> Task to carry out:
While leaving the pictures out, set down only the lines from the one with "Imagem de Flor" through the end of the records, exactly as they stand.

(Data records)
===
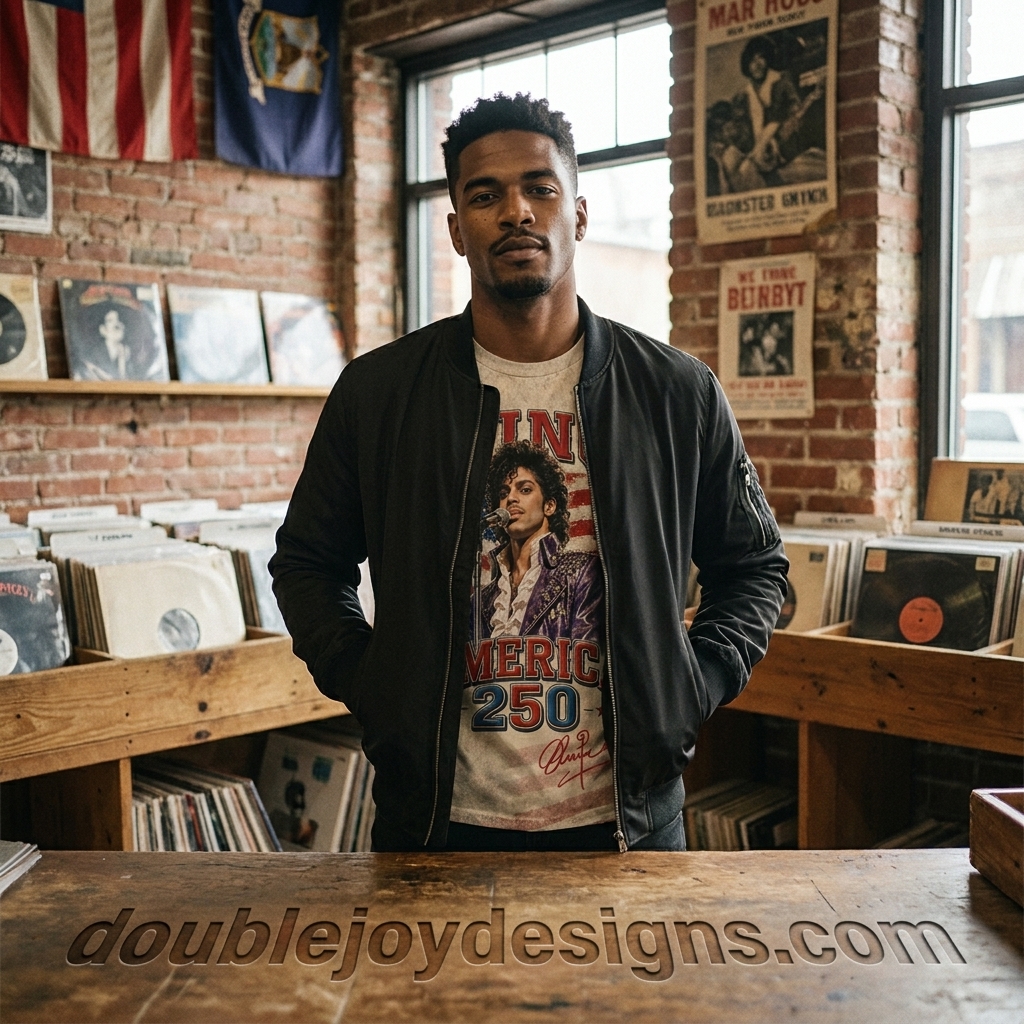 Prince America 250 Years of American Music Signature Patriotic Vintage Graphic T-Shirt Prince America 250 Years of American Music Signature Patriotic Vintage Graphic T-Shirt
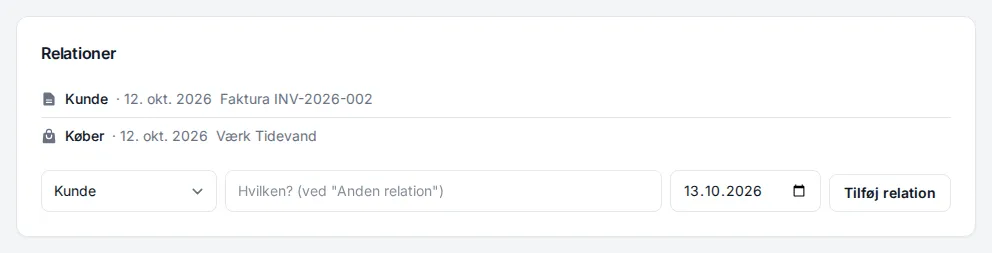 Relations from an invoice and a sold work, and the fields to add one yourself
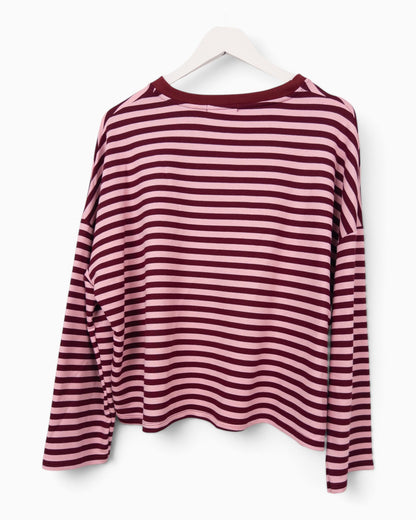 Streifenpullover mit Herz rosa weinrot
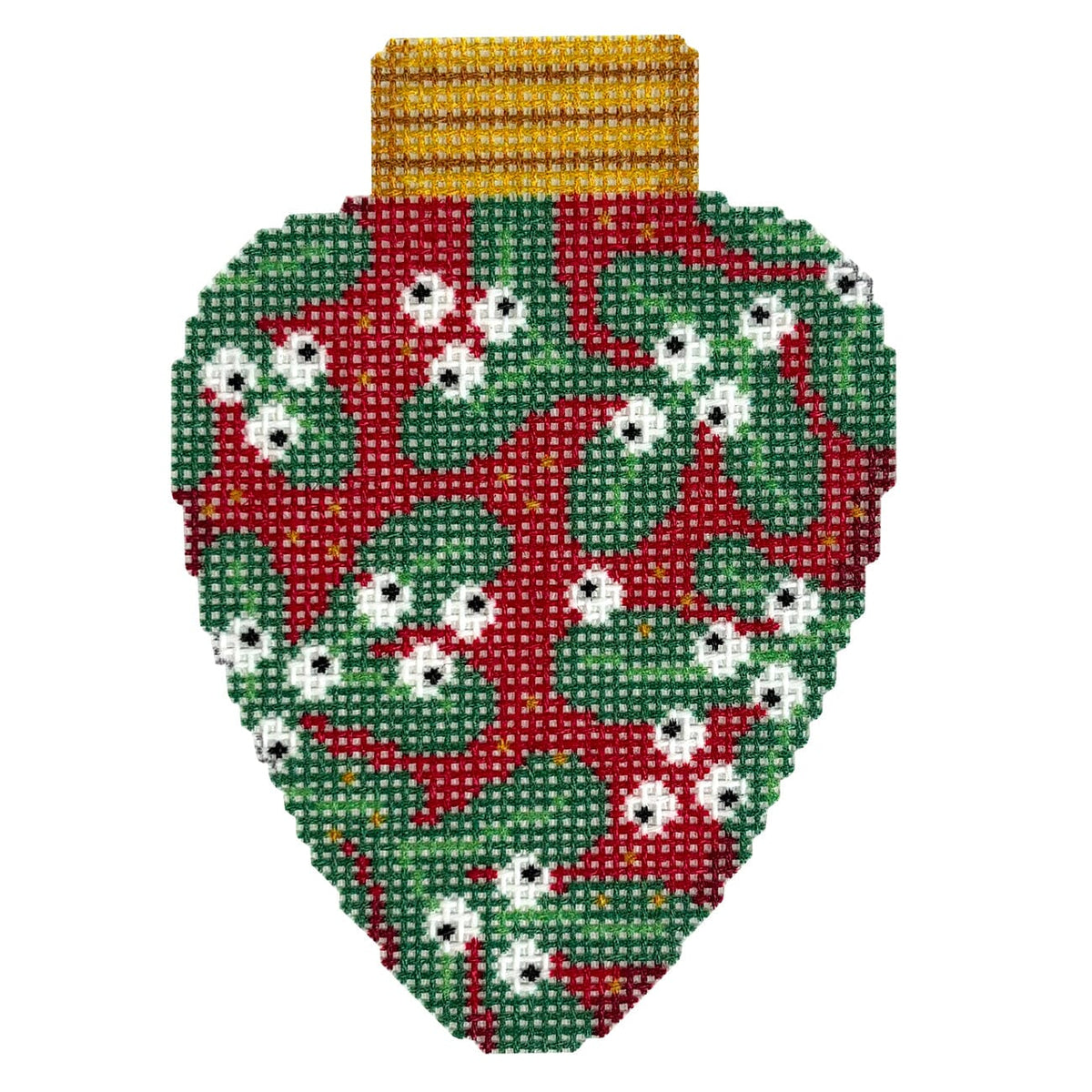 Mistletoe Lightbulb Printed Canvas Two Sisters Needlepoint - 1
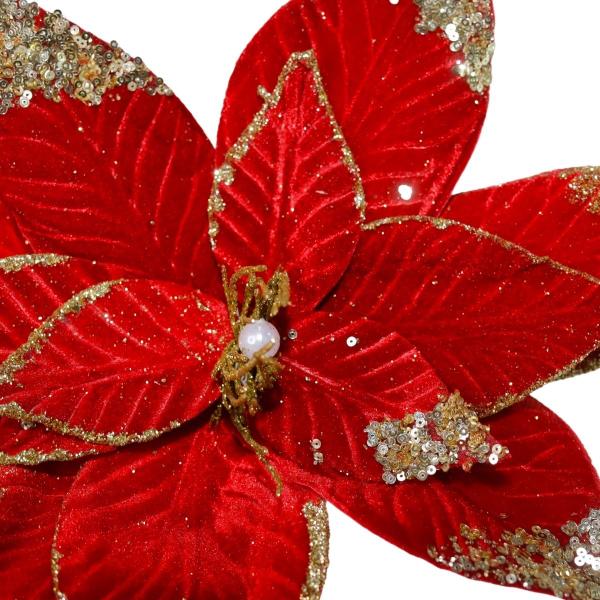 Imagem de Flor de natal poinsetia tecido vermelha com brilho 32cm 2un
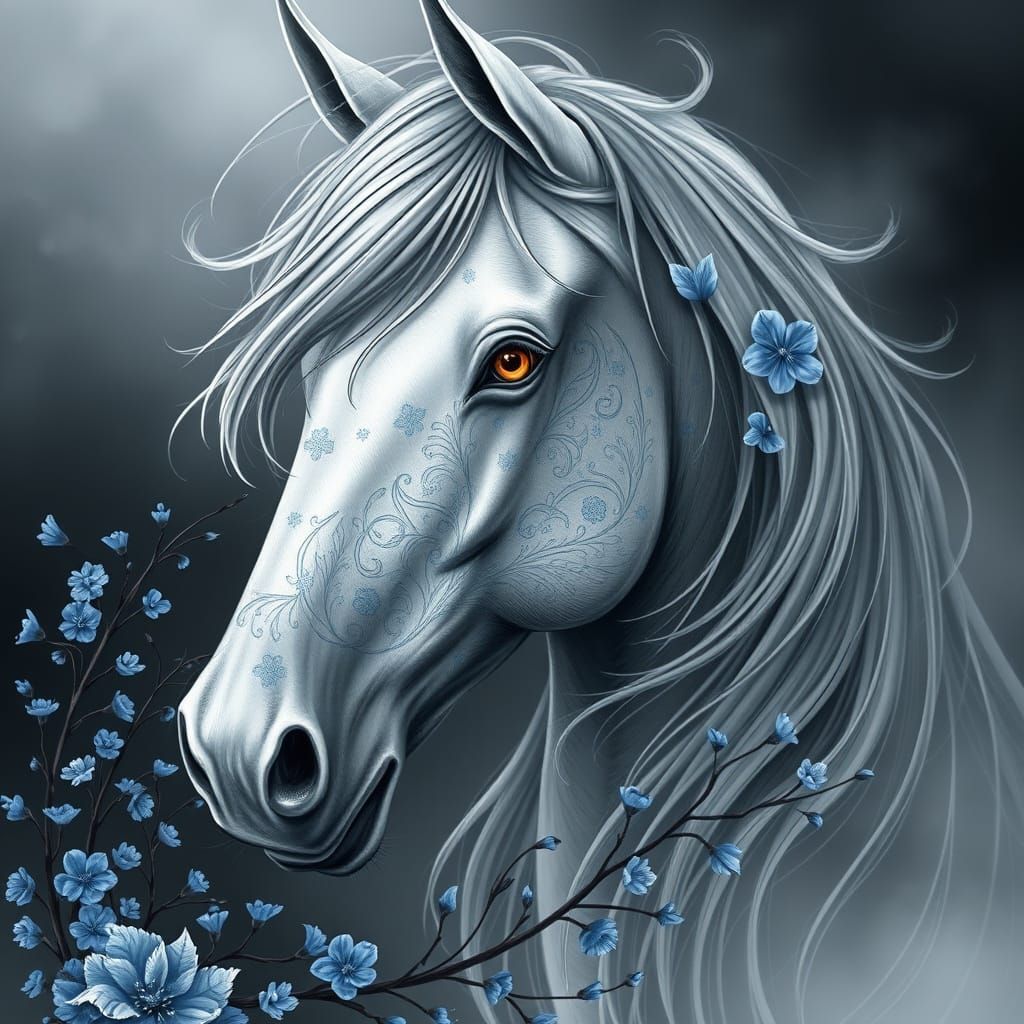 A captivating illustration of a horse's face in partial prof...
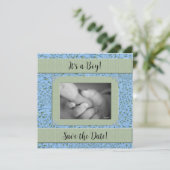 Blue Green Paisley Boy Baby shower Kaart (Staand voorkant)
===
> Task response:
 Imagem de Flor de natal poinsetia tecido vermelha com brilho 32cm 2un
 A captivating illustration of a horse's face in partial prof...
 Blue Green Paisley Boy Baby shower Kaart (Staand voorkant)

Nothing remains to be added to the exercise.